Spatial patterns and environmental constraints on ecosystem services at a catchment scale

Improved understanding and prediction of the fundamental environmental controls on ecosystem service supply across the landscape will help to inform decisions made by policy makers and land-water managers. To evaluate this issue for a local catchment case study, we explored metrics and spatial patterns of service supply for water quality regulation, agriculture production, carbon storage, and biodiversity for the Macronutrient Conwy catchment. Methods included using ecosystem models such as LUCI and JULES, integration of national scale field survey datasets, earth observation products and plant trait databases, to produce finely resolved maps of species richness and primary production. Analyses were done with both 1x1 km gridded and subcatchment data. A common single gradient characterised catchment scale ecosystem services supply with agricultural production and carbon storage at opposing ends of the gradient as reported for a national-scale assessment.
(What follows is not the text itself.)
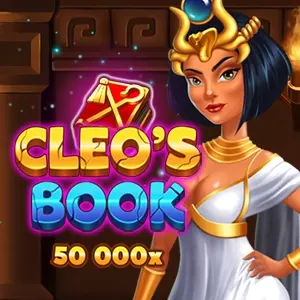 Cleo's Book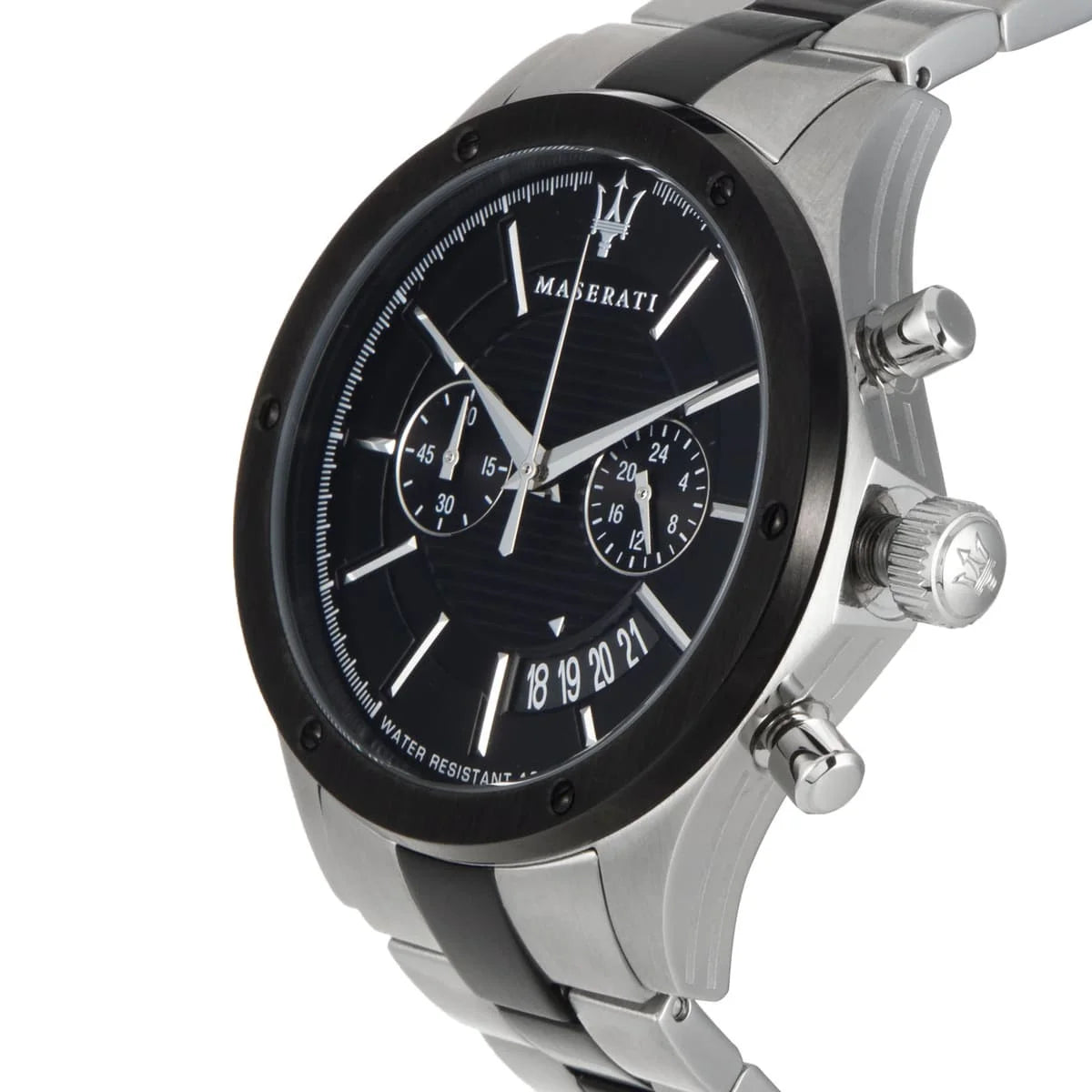 ساعة مازيراتي للرجال R8873627003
Species diversity was positively related to production due to the below national average productivity levels in the Conwy combined with the unimodal relationship between biodiversity and productivity at the national scale. In contrast to the national scale assessment, a strong reduction in water quality as production increased was observed in these low productive systems. Various soil variables were tested for their predictive power of ecosystem service supply. Soil carbon, nitrogen, their ratio and soil pH all had double the power of rainfall and altitude, each explaining around 45% of variation but soil pH is proposed as a potential metric for ecosystem service supply potential as it is a simple and practical metric which can be carried out in the field with crowd-sourcing technologies now available. The study emphasises the importance of considering multiple ecosystem services together due to the complexity of covariation at local and national scales, and the benefits of exploiting a wide range of metrics for each service to enhance data robustness.